Citizen closed a watch factory ahead of Spring Festival, affecting 1,000 workers.
Most of the workers at a well-known Japanese company in Guangzhou, Guangdong province, that shut down last week have signed contracts to leave the company of their own accord after mediation from local labor department and trade unions by Monday noon.
A recent case in point is the decision of Citizen China, which produces Japanese Citizen watches, to fold its production base in Guangzhou, on the heels of Microsoft which announced on Dec. 17 its decision to close the mobile-phone factories of Nokia, under its auspices, in Beijing and Dongguan by the Spring Festival moving facilities to Nokia’s factory in Hanoi.

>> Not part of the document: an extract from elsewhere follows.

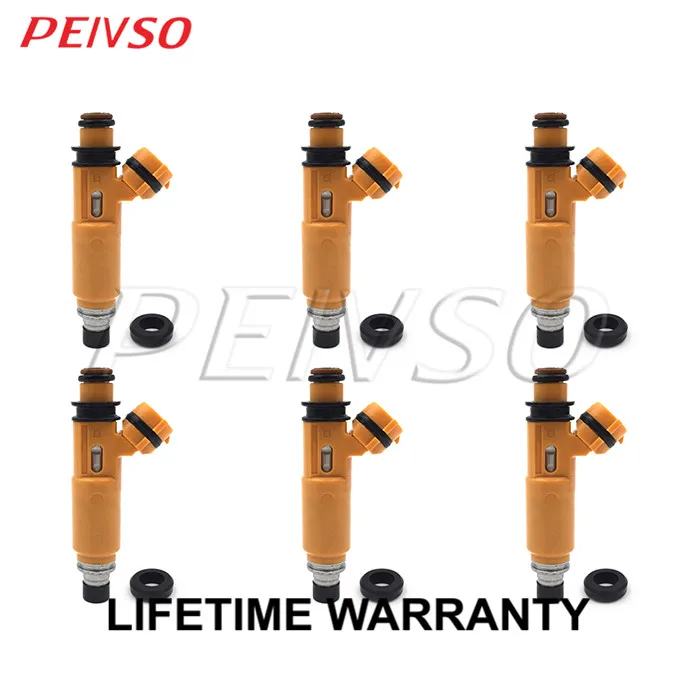 6x 195500-3300 MD337900 топливный инжектор для Mitsubishi Montero Sport 1999~ 2004 Montero 1998~ 2000 3.5L V6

A number of other foreign enterprises are scheduled to join the exodus this year, including Panasonic, Sharp, Daikin, and TDK, all Japanese firms, which plan to transfer some capacity from China back to Japan or to other countries. Others, such as Uniqlo, Nike, Foxconn, Funai, Clarion, and Samsung, are setting up new factories in Southeast Asia and India, while scaling down their Chinese operations.
Notably, Japanese companies are moving back to Japan, in part due to the cheaper yen and perhaps expectations of further weakness in the yen. China, on the other hand, is squeezing its low cost manufacturers with a stronger yuan.
Hundreds of factories have shut or ceased operations in Dongguan ahead of the holiday and Wenzhou’s industry is fading:
Industry insiders estimate that there are more than 100 large scale factories closing before the Spring Festival, in Dongguan hundreds of large factories closed down or stop operations. Furthermore, known manufacturing capital, to manufacture glasses, shoes, lighters the world famous Wenzhou, the manufacturing industry is currently experiencing a hollowing out, shoes, lighters and other industries, their one proud aura is gradually fading.
Surveys from China showed manufacturing struggling at the start of 2015 in the world's second biggest economy.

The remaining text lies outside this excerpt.